I follow quite a lot of companies, so the usefulness of a watchlist to me cannot be overstated. Without my watchlist, I’d be unable to keep up on my favorite sectors and see what’s really moving the market. Even worse, I’d be lost when the time came to choose which stock I’m buying or shorting next.
Today is Watchlist Wednesday, so I’m discussing three companies that have crossed my radar in the past week — and at what point I may consider taking action on these calls with my own money. Keep in mind that these aren’t concrete buy or sell recommendations, nor do I guarantee I’ll take action on the companies being discussed. What I can promise is that you can follow my real-life transactions through my profile, and that I, like everyone else here at The Motley Fool, will continue to hold the integrity of our disclosure policy in the highest regard.
This week, I’m devoting my three picks to short sellers looking for high-risk, high-reward ideas.
Michael Kors Holdings Ltd (NYSE:KORS)
Trust me, I get it! Michael Kors Holdings Ltd (NYSE:KORS) looks completely unstoppable as it pushes further into Europe and opens up bricks-and-mortar stores left and right in the United States. Consumers’ seemingly insatiable appetite for brand-name products at reasonable prices is what’s fueled Michael Kors Holdings Ltd (NYSE:KORS) to same-store sales growth in excess of 30% in numerous quarters — and yet, I’d say it’s time to rally the troops against this company.
In the first quarter, Michael Kors Holdings Ltd (NYSE:KORS) again delivered more of those stunning results: 27.3% comparable-store sales growth and 54% first-quarter revenue growth. However, these results will not stand the test of time as no retailer has been able to survive the fickle spending and buying habits of consumers for longer than a few years.
I’m certainly not going to take anything away from the extraordinary growth of Michael Kors Holdings Ltd (NYSE:KORS), which is fueling its expansion entirely on operating cash flow, but I also know that many of the regions it’s operating in are weak from a consumer spending perspective. Back-to-school sales in the U.S. have been awful this year while austerity measures in Europe will cripple spending for years to come. Even Asia is showing signs of slowing, with China’s GDP growth backing off its historical average of 10%.

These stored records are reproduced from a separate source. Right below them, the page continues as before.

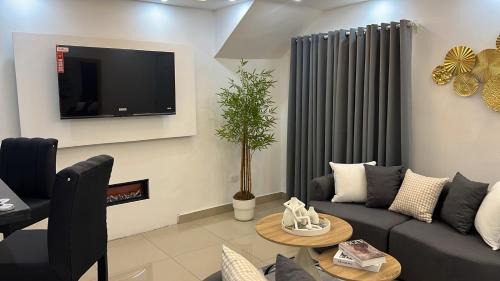 Los Alcarrizos Apartment | Los Alcarrizos Puente Blanco Urban Oasis ubicado en la calle 22 numero 98 los alcarrizos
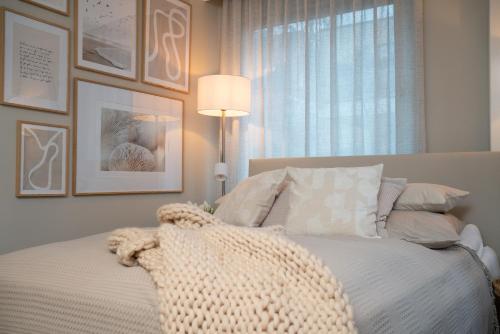蒂门多弗施特兰德Studio-Apartment Piccolino 26的一间卧室配有一张床铺,床上有毯子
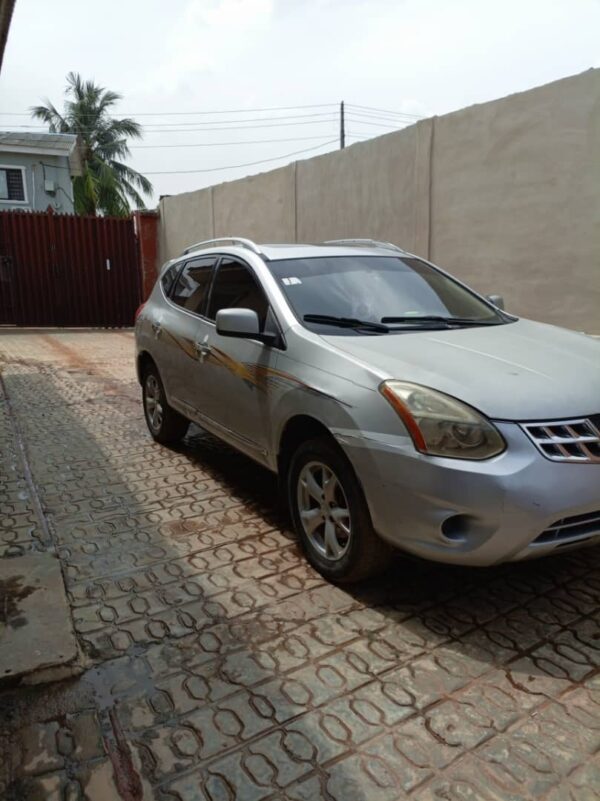 2011 Nissan Rouge - Image 2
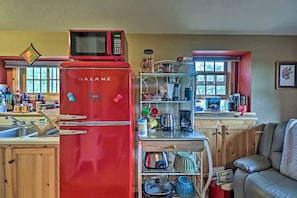 Micro-ondes, bouilloire électrique, grille-pain, moulin à café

From a forward P/E basis, Michael Kors Holdings Ltd (NYSE:KORS) isn’t as expensive as it once was, but its growth rate just simply isn’t sustainable given the history of consumers’ buying habits.
Zillow Inc (NASDAQ:Z)
I honestly feel you could make this a 2-for-1 special and just lump rival Trulia Inc (NYSE:TRLA) in here as well, but Zillow Inc (NASDAQ:Z) is just a bit more unnerving from a valuation perspective and gets my short-sale suggestion nod over Trulia Inc (NYSE:TRLA).
The thesis against owning real estate information websites that provide tools to help prospective homebuyers and real estate agents locate homes for purchase or rent lies solely with the rising tide of interest rates. With the Federal Reserve hinting as early as May that it would soon be paring back its $85 billion monthly bond purchases, mortgage rates took off. In a span of a few months, 30-year mortgage rates spiked from below 3.5% to as high as 4.75%. By comparison, mortgage origination activity over that time fell in all but one week and is now more than 55% lower than at its peak in early May. In other words, higher mortgage rates have spoiled consumers and they’re much less likely to purchase a home if rates keep rising, which will ultimately hurt Zillow Inc (NASDAQ:Z)’s and Trulia Inc (NYSE:TRLA)’s bottom lines. These companies will benefit from a rental market perspective, but their bread-and-butter business is based on the homebuying hunt.
Up until now, growth hasn’t been an issue for Zillow Inc (NASDAQ:Z), with its record 69% revenue growth and a 66% year-over-year increase in membership in the second quarter. The concern is that Zillow still isn’t profitable thanks to pouring its cash flow into workforce expansion and website R&D. In fact, Zillow Inc (NASDAQ:Z) won’t be profitable until next year when the Fed will almost assuredly be ending QE3. For me, this exposes Zillow and its forward P/E in excess of 180 as exceptionally overvalued.